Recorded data
■ ■ ■

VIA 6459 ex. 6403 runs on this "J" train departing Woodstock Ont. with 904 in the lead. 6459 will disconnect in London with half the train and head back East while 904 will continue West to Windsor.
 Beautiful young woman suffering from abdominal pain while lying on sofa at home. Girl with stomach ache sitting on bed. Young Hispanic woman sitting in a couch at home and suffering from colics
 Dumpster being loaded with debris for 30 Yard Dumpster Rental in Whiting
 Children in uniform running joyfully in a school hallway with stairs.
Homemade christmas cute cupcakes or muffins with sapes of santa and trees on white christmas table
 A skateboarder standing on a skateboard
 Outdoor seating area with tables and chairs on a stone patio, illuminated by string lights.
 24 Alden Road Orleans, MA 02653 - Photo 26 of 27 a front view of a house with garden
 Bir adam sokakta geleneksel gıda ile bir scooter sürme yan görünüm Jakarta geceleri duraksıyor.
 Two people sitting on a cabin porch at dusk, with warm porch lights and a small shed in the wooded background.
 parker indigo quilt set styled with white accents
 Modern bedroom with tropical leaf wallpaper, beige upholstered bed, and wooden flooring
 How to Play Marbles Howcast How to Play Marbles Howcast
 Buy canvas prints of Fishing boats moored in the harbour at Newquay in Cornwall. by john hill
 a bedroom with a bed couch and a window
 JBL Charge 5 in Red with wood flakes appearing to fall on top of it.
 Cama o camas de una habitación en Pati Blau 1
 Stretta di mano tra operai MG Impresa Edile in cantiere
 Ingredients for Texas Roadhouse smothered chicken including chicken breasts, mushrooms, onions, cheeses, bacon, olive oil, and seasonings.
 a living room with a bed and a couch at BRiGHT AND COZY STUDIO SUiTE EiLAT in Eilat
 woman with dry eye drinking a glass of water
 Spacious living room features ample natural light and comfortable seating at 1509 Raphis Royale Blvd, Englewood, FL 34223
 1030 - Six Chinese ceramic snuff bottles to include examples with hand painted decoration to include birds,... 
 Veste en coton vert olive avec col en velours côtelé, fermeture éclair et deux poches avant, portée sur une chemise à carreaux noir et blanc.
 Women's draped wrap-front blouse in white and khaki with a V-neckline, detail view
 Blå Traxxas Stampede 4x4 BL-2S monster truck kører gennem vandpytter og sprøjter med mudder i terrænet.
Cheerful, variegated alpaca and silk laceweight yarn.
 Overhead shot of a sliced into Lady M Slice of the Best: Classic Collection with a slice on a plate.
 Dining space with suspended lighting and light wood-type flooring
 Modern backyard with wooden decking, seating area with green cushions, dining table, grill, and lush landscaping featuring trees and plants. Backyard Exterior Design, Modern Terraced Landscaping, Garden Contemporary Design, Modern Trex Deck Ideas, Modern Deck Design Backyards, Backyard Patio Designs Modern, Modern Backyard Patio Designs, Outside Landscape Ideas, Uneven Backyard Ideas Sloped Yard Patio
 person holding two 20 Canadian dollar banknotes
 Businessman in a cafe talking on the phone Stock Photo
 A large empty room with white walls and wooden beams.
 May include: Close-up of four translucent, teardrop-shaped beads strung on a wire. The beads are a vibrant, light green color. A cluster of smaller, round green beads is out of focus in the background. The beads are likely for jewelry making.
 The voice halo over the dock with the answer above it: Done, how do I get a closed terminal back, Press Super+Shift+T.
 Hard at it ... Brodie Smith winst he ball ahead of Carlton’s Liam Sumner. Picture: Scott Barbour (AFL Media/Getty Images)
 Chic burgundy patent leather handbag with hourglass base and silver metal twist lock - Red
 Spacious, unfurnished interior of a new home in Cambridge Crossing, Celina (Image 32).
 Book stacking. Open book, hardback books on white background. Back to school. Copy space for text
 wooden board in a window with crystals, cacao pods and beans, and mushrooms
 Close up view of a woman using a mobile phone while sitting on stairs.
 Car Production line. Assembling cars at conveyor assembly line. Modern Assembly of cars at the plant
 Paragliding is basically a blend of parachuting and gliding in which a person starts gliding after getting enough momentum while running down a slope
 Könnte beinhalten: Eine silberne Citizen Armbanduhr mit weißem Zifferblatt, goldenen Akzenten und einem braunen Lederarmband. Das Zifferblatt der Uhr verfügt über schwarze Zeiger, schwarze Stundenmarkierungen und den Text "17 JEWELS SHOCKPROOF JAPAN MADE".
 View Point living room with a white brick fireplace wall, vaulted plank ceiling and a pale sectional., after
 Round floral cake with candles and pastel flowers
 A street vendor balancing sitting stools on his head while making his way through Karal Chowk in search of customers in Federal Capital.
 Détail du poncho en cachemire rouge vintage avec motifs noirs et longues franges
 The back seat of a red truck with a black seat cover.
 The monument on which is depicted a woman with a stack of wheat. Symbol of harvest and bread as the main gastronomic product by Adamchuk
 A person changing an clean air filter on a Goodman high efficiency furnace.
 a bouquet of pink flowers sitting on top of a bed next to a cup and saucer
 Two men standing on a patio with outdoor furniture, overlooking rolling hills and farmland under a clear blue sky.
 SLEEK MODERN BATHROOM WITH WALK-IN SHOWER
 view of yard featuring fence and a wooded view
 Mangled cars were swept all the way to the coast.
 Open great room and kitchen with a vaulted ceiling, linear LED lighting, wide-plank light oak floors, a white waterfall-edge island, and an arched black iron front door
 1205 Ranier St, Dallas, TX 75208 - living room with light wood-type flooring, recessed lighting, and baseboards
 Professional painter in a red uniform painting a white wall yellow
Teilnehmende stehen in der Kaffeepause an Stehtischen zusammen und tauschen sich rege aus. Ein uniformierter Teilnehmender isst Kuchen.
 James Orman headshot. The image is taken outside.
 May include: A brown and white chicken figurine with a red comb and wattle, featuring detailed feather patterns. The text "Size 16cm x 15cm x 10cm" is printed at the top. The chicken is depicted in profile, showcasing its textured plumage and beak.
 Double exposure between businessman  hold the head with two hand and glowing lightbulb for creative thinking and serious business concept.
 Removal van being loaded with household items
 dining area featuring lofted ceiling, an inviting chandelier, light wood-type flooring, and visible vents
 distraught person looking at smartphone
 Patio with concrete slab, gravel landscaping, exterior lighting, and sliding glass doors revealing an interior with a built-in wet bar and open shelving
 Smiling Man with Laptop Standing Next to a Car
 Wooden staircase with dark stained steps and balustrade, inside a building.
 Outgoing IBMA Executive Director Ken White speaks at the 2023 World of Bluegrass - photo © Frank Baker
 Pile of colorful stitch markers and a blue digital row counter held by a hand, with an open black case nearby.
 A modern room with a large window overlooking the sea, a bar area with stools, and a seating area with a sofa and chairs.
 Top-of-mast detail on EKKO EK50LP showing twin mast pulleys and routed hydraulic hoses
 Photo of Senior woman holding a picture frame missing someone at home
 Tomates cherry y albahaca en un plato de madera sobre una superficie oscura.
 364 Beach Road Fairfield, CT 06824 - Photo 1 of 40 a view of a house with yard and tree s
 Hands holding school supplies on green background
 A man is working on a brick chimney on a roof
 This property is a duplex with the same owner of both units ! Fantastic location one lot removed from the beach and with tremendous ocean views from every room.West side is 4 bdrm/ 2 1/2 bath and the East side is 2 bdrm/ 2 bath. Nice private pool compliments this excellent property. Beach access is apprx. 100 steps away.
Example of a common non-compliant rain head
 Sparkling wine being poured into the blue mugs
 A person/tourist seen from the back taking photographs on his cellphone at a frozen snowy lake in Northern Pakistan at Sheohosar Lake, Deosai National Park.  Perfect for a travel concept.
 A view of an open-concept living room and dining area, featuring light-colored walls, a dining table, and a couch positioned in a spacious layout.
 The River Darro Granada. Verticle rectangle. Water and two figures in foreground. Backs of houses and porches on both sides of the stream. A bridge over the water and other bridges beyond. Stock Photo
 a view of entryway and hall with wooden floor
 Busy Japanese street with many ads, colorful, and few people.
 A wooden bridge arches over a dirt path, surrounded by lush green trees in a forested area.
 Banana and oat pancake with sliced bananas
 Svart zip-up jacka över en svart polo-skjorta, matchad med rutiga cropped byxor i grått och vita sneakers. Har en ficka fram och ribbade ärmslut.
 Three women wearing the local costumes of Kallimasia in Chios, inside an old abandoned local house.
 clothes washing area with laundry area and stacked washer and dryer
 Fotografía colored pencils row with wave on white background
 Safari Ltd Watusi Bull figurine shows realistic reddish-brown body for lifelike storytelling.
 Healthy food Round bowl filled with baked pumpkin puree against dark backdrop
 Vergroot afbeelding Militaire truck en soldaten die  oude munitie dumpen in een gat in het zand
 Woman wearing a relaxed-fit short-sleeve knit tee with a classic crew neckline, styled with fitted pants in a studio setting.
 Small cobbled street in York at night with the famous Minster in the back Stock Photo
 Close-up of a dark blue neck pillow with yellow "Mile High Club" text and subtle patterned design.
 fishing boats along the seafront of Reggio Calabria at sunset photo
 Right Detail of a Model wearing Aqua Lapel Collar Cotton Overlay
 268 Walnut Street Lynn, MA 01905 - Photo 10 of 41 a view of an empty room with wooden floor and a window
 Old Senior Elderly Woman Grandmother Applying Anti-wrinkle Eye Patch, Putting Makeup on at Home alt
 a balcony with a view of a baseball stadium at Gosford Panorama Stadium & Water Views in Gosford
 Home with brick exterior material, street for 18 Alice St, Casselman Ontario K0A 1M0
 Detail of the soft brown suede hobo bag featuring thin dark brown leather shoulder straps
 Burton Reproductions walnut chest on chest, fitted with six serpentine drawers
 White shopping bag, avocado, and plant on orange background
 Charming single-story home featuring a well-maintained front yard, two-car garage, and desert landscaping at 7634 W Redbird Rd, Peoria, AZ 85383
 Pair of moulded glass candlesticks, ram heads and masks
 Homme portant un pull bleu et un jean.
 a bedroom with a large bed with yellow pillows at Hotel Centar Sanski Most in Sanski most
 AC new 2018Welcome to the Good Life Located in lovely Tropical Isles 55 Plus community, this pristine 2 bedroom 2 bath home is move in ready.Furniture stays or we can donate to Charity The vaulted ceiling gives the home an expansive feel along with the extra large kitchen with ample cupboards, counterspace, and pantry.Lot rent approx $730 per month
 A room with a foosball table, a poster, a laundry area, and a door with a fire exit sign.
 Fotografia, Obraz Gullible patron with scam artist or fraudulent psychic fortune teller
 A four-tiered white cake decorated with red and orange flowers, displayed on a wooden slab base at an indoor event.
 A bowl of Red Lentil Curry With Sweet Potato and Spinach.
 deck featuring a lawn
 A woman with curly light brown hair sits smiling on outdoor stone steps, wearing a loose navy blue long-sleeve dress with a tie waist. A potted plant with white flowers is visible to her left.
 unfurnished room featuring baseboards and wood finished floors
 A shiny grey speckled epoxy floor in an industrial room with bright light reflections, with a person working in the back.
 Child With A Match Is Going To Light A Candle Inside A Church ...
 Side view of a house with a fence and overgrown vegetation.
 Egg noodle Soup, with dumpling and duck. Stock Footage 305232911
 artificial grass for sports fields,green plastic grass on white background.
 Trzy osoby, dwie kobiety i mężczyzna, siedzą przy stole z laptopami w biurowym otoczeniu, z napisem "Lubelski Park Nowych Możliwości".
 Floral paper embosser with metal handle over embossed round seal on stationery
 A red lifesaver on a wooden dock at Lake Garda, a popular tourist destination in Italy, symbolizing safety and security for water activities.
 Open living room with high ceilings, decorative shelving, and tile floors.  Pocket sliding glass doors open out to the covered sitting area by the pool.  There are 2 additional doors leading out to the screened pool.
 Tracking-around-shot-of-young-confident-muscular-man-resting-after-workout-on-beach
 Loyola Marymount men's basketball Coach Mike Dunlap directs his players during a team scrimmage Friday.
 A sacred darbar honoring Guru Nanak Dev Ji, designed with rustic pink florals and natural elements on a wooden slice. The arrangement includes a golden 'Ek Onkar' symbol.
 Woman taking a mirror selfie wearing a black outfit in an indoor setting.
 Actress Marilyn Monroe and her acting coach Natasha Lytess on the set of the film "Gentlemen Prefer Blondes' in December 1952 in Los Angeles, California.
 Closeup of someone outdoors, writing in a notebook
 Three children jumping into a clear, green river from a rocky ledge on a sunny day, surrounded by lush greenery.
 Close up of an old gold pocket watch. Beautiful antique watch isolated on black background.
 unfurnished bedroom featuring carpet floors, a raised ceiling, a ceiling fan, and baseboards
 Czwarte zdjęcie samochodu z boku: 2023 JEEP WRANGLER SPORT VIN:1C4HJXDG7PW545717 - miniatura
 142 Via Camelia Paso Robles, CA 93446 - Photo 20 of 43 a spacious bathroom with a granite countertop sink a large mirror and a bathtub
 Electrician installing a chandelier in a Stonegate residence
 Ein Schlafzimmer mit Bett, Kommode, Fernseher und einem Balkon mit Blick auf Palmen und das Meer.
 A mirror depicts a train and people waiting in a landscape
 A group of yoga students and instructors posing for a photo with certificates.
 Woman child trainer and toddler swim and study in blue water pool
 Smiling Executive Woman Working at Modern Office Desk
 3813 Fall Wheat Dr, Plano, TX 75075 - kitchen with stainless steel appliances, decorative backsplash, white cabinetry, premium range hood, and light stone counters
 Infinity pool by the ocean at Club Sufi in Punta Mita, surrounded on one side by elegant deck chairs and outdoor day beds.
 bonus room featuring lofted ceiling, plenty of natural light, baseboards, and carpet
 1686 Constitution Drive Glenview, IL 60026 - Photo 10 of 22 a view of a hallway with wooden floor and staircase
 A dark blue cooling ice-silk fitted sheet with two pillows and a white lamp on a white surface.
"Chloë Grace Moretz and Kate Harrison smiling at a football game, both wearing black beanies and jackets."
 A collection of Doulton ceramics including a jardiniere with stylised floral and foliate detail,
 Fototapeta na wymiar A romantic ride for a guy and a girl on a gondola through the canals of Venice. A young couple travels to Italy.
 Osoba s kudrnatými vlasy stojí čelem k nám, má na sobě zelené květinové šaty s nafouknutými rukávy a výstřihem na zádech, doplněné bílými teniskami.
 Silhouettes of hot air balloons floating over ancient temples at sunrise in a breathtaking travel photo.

■ ■ ■

Problem details
Look above for the line holding "A room with", then set down exactly that line and every line after it up to and including the line holding "A shiny grey", with nothing else.

Result of the task
 A room with a foosball table, a poster, a laundry area, and a door with a fire exit sign.
 Fotografia, Obraz Gullible patron with scam artist or fraudulent psychic fortune teller
 A four-tiered white cake decorated with red and orange flowers, displayed on a wooden slab base at an indoor event.
 A bowl of Red Lentil Curry With Sweet Potato and Spinach.
 deck featuring a lawn
 A woman with curly light brown hair sits smiling on outdoor stone steps, wearing a loose navy blue long-sleeve dress with a tie waist. A potted plant with white flowers is visible to her left.
 unfurnished room featuring baseboards and wood finished floors
 A shiny grey speckled epoxy floor in an industrial room with bright light reflections, with a person working in the back.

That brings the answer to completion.